### WHAT YOU ARE ASKED TO DO
Only what runs from the line with "this 216×323 image." to the final line of the records below should be given again, word for word.

### MATERIAL FOR THIS EXERCISE
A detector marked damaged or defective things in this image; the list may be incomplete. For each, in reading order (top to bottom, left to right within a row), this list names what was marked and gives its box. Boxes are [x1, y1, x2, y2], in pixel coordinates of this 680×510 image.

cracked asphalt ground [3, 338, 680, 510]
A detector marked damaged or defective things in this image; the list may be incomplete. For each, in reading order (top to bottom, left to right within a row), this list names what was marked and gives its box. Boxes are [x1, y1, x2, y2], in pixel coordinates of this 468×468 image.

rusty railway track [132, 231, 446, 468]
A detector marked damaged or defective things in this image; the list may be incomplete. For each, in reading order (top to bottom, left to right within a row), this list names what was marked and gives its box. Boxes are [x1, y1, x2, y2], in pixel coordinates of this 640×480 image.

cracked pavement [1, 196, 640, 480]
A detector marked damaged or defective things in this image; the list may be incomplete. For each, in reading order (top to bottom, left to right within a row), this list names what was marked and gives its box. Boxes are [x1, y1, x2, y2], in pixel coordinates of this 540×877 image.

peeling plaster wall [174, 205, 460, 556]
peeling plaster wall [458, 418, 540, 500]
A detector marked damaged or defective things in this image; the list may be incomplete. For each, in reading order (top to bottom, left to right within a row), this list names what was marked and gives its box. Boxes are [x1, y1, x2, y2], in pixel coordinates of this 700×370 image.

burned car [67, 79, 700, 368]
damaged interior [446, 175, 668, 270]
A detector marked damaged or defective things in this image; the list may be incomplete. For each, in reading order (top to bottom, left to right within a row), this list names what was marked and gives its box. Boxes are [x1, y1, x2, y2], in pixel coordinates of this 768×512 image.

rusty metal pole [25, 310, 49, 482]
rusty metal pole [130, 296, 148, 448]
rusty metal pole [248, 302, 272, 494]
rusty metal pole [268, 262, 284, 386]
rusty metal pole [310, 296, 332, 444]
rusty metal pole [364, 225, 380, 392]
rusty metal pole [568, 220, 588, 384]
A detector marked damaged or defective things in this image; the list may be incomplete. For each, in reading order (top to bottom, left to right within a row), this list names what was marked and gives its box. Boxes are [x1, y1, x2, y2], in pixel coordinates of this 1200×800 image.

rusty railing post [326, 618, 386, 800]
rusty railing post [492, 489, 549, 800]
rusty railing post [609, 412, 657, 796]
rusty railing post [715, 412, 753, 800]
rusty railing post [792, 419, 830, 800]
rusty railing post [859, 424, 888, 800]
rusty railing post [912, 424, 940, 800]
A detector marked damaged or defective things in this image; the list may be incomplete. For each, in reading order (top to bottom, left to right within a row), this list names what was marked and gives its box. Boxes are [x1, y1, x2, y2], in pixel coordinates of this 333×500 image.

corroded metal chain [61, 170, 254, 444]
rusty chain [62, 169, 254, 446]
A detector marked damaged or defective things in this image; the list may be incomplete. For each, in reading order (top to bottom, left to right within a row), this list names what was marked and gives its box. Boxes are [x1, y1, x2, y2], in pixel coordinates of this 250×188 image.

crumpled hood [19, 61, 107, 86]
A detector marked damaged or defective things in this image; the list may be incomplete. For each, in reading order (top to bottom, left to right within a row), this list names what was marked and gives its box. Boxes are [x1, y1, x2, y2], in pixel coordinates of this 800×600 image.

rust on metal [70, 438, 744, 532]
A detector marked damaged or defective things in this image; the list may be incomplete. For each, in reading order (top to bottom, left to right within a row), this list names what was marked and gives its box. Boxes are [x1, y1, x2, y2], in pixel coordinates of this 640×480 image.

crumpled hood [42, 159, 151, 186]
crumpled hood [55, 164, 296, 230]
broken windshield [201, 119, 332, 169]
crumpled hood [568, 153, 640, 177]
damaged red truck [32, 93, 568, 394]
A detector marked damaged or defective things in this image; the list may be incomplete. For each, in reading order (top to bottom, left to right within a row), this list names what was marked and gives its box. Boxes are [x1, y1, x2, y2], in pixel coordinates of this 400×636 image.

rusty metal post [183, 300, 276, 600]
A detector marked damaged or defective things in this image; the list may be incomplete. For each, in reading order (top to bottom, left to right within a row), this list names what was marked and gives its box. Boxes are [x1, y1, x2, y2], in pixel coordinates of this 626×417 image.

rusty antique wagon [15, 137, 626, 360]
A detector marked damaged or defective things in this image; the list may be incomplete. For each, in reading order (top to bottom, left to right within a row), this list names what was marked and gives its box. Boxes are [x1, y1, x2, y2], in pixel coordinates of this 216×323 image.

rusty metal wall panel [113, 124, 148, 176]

### ANSWER SECTION
A detector marked damaged or defective things in this image; the list may be incomplete. For each, in reading order (top to bottom, left to right within a row), this list names what was marked and gives its box. Boxes are [x1, y1, x2, y2], in pixel coordinates of this 216×323 image.

rusty metal wall panel [113, 124, 148, 176]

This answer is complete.